_Materials provided_
*****

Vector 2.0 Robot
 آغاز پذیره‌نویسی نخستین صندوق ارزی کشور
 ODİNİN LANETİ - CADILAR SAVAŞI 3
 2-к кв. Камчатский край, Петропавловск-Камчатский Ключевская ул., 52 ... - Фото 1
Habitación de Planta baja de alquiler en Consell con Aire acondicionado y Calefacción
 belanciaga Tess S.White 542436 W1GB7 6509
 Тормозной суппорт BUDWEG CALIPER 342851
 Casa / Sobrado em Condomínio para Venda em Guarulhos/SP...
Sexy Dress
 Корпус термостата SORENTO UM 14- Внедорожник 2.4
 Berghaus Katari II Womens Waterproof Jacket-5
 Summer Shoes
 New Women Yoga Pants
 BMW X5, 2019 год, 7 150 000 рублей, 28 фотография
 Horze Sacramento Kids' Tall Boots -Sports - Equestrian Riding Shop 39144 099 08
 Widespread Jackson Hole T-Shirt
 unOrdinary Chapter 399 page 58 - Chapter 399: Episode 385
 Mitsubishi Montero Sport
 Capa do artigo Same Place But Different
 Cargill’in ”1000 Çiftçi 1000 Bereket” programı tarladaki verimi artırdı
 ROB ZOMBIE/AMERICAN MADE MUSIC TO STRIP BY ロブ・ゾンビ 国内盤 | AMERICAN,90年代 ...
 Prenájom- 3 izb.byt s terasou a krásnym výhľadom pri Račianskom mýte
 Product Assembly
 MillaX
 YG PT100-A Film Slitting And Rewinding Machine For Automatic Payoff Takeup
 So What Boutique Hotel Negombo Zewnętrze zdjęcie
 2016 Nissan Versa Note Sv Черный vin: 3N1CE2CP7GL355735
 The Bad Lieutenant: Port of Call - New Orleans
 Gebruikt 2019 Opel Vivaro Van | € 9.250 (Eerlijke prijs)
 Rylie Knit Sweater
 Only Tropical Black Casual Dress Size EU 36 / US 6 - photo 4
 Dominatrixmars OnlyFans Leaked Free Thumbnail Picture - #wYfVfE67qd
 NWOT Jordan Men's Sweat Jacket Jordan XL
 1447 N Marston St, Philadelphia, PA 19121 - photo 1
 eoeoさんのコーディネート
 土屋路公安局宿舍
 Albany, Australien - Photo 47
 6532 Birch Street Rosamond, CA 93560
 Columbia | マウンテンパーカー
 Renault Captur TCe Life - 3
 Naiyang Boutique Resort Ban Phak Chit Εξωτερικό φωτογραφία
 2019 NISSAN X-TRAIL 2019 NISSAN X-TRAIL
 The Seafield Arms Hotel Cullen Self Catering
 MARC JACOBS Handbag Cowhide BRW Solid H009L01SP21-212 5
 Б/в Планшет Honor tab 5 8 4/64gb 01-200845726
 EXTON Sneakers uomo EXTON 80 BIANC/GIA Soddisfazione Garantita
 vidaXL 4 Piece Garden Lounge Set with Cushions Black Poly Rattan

*****

_Work required_
For each line above that holds the string "Boutique", provide a copy of that line.

_Result for this exercise_
 So What Boutique Hotel Negombo Zewnętrze zdjęcie
 Naiyang Boutique Resort Ban Phak Chit Εξωτερικό φωτογραφία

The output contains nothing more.